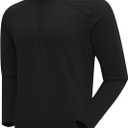 Men's Quarter Zip Pullover Winter Sweatshirt Fleece Lined Long Sleeve Shirts Athletic Casual Outdoor Tops Quick Dry (X-Large, Black)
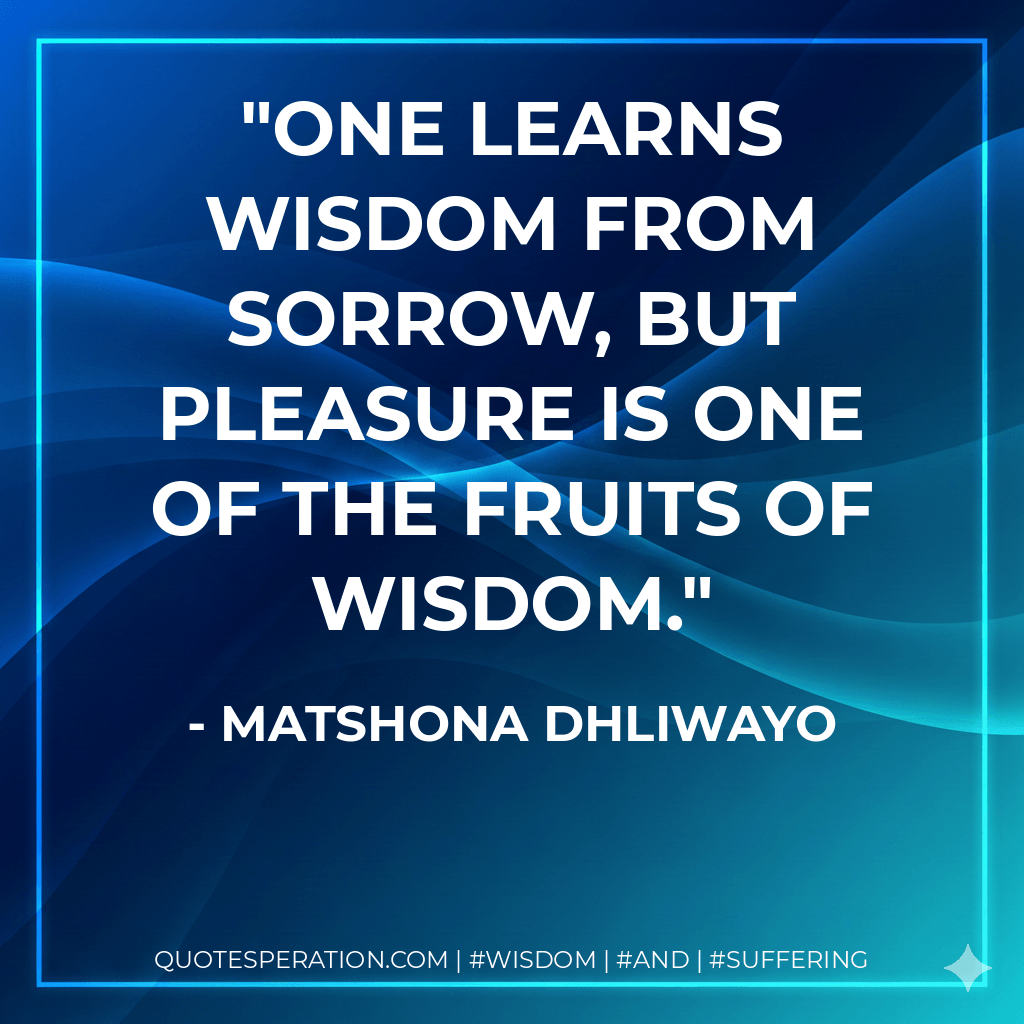 One learns wisdom from sorrow, but pleasure is one of the fruits of wisdom. - Matshona Dhliwayo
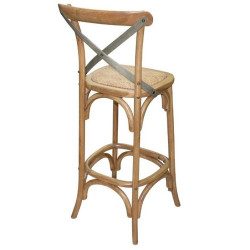 tabouret haut rustique en frêne avec dosseret ameublement de restaurant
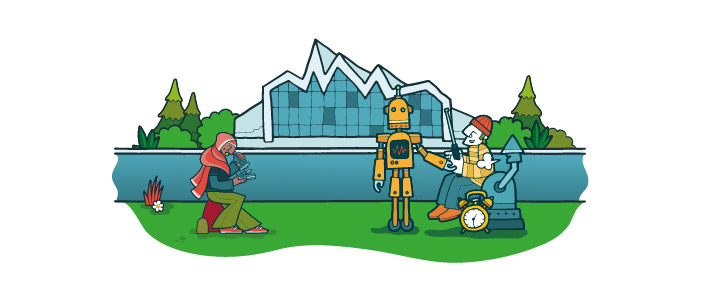 Cartoon image of the Riverside Museum. In front of the building is a man with a robot, and a woman using a microscope.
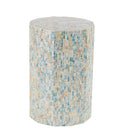 Natural Wood and Shell Round Accent Table W4193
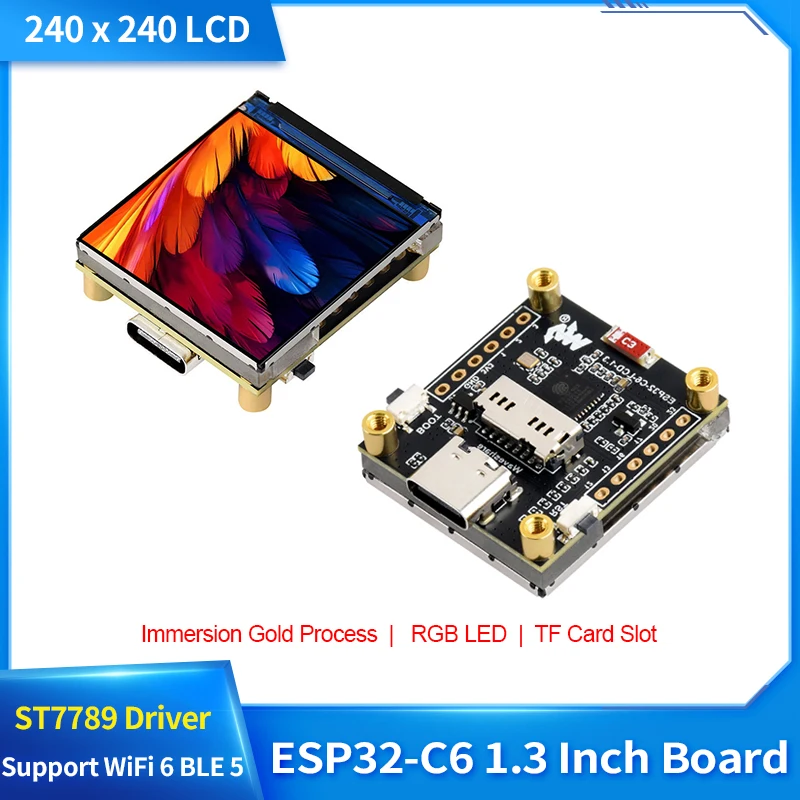 ESP32-C6 1.3 Inch Display Development Board RGB LED 240*240 262K Color Support Wi-Fi 6 BLE 5 ST7789 Driver for Arduino IDE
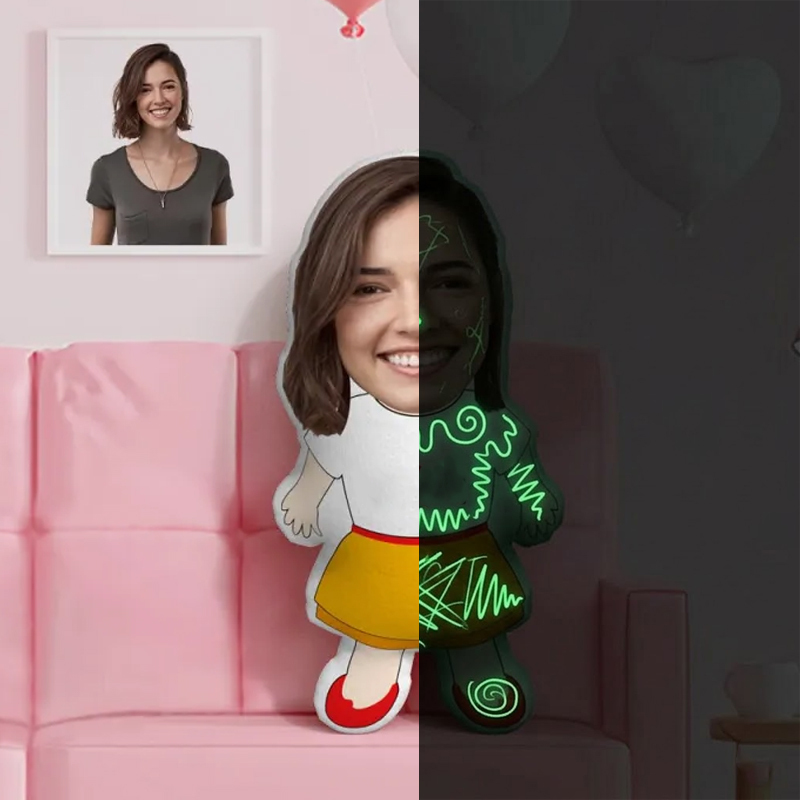 Personalized Photo Disappearing Night-Glow Doodle Pillow Plush Toy for Kids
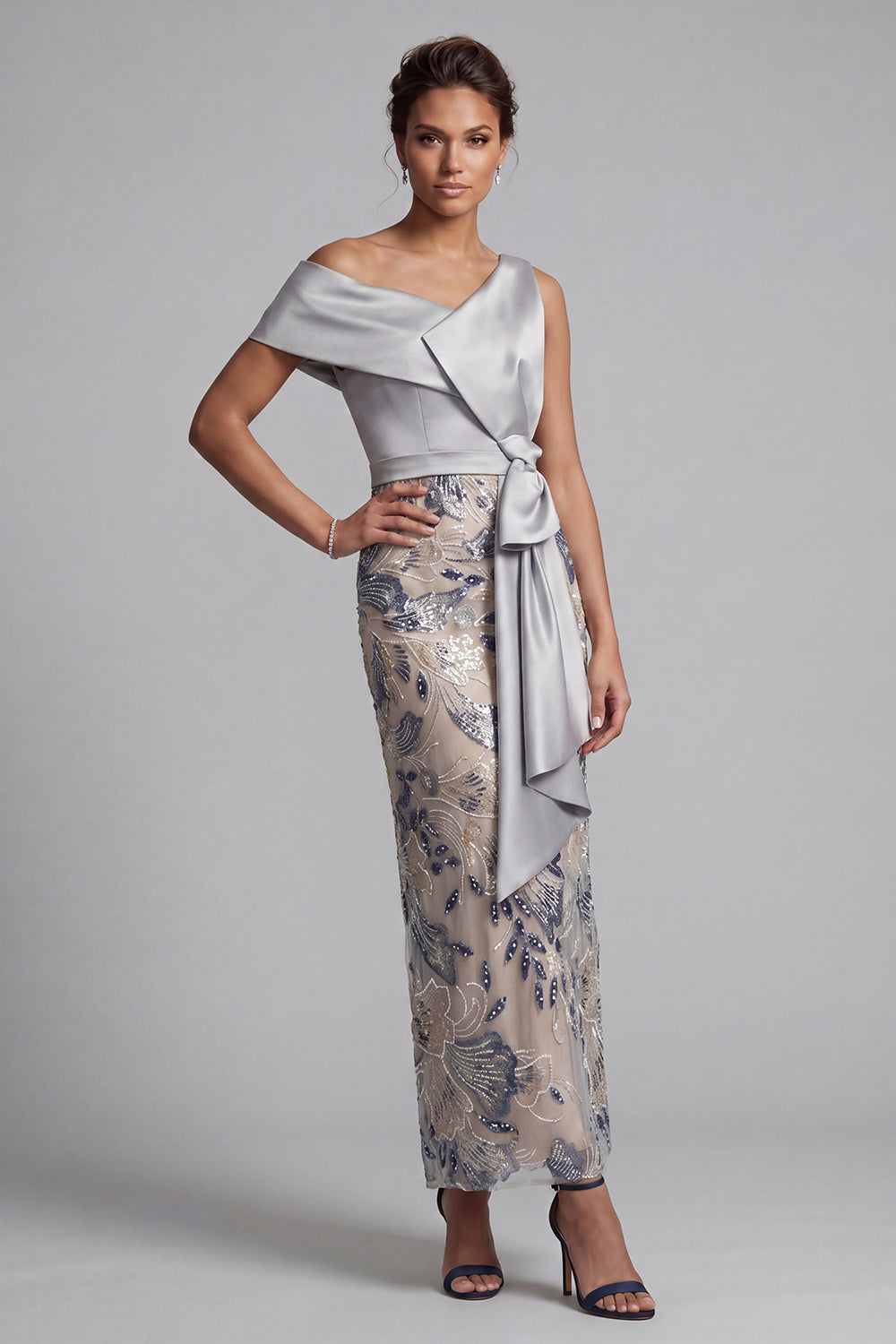 Silver Sparkly Floral Sheath Beaded Long Mother of the Bride Dress with Sash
============================================================
An exact copy of the lines from the one with "Personalized Photo Disappearing" through the last line of the records, inclusive, is required, with all pictures left out.

 Personalized Photo Disappearing Night-Glow Doodle Pillow Plush Toy for Kids
 Silver Sparkly Floral Sheath Beaded Long Mother of the Bride Dress with Sash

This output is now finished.